If you sat down and thought about it really carefully (and I'm not suggesting you could) , you'd realize that the problem isn't "piracy" - or to be more accurate "contract violation" - but businesses who feel they can remove your rights at a whim just because they have money.
The gaming industry cries and beats it's chest about "piracy" - then promptly goes and makes sure their games are so hobbled by DRM that legal customers have to use "pirated" versions. Oh, and even the most heavily DRM'd game statistically gets pirated within hours of hitting the shelves. Yeah, that really stopped them.
The movie industry is so busy making crap movies that they need something to blame for dropping profits. Dang they even wanted to ban mobile phones - not because of recording, it wasn't really an option at the time - but because viewers were texting their mates telling them what crap such-and-such a movie is.
And last (but not least) the music biz. Yeah, those guys that give their artists a pittance per album, suing grandmothers who don't even have computers for being P2P sharers. Then go on to say that the REAL REASON (tm) they're not making uber profits is because of the "pirating". Yeah, and it's got nothing to do with the rip-off pricing you charge huh? I mean, Sean Combs musta been talking out his o-ring when he said piracy HELPS spread his music. Actually.. strike that. Perhaps that's the problem the recording crew have with "piracy".. it's a free way to get your music into the masses. Something they can't screw over the artist or the public for.
That's not all of them for sure. But just something to start thinking about huh?
Paris. She can pirate me anyday.
For the absolutely FINAL time...
Nobody wants copyrighted material to be free. The Pirate Party wants copyright to be FAIR, as it was when it was first introduced; TO PROTECT THE *RIGHT* TO *COPY*.
Digital copying made this almost cost-free to achieve in a way never expected when copyright law was envisioned, and needs updating. Implementing a model of artificial scarcity does nothing to detract from the fact that the distribution and duplication of media is now free, and the big media companies are pushing through horrific liberty-reducing laws with huge financial backing to compensate. We need a balance to their input: Public good vs corporate greed.
THIS IS NOT ABOUT MAKING BEER OR SWEETIES FREE. Beer and sweeties have raw ingredients which are required OVER AND OVER AGAIN to make copies.

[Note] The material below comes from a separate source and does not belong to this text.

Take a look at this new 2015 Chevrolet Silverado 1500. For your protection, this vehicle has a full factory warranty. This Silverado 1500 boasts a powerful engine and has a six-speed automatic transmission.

I CAN MAKE A MILLION COPIES OF A SONG AND THE ORIGINAL REMAINS, WITH NO INCREASE IN MATERIAL USAGE OR COSTS INCURRED.
What's so hard to understand? Oh, wait... It's a Coward. Apologies, I'm feeding the trolls.

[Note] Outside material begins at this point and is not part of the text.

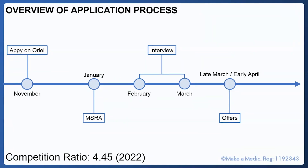To give a rough overview of the application process — remember this is specific to the 2023 process, so do check online whether it has changed. Applications opened on Oriel in November, with a deadline at the start of December. This was followed by the MSRA exam in January, and then interviews were offered, depending on your MSRA score, between February and March. Hopefully by late March or early April you will receive an offer on Oriel.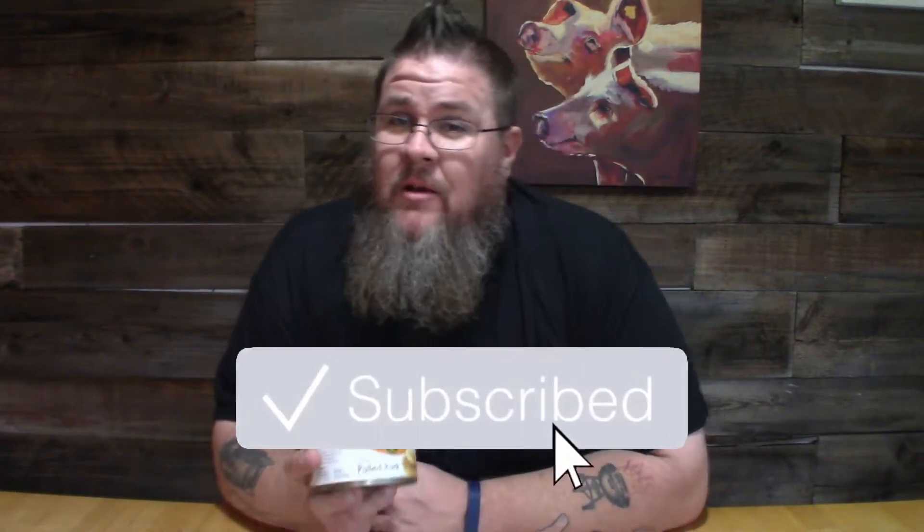Hey guys, welcome back — another Funky Food Friday here at Big John TV. Love these days, love them so much. Such a variety, so many weird different things. I literally walk through the grocery store aisles looking for things, and it's like nope, nope, nope — yes! And this was one of those times. These are from Dollar General, about two or three bucks a can. We've got shredded white chicken in barbecue sauce in a can.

This has nothing to do with Grauniad loyalties and everything to do with our crap electoral system.
In first-past-the-post, if you have 25% of the vote nationally and it is spread equally into EVERY constituency in the country - you probably get zero seats. The same national proportion of vote, skewed into just half the seats of the country (so your 25% scores you 50% in every seat you do well in) gets you half the seats.
The Lib Dem vote is widely dispersed. Labour's vote is geographically concentrated (as well as being skewed into smaller constituencies).
As i have written several times recently: to obtain seat parity with Labour, the Lib Dems need to be doing 10% to 12% better than Labour in vote terms.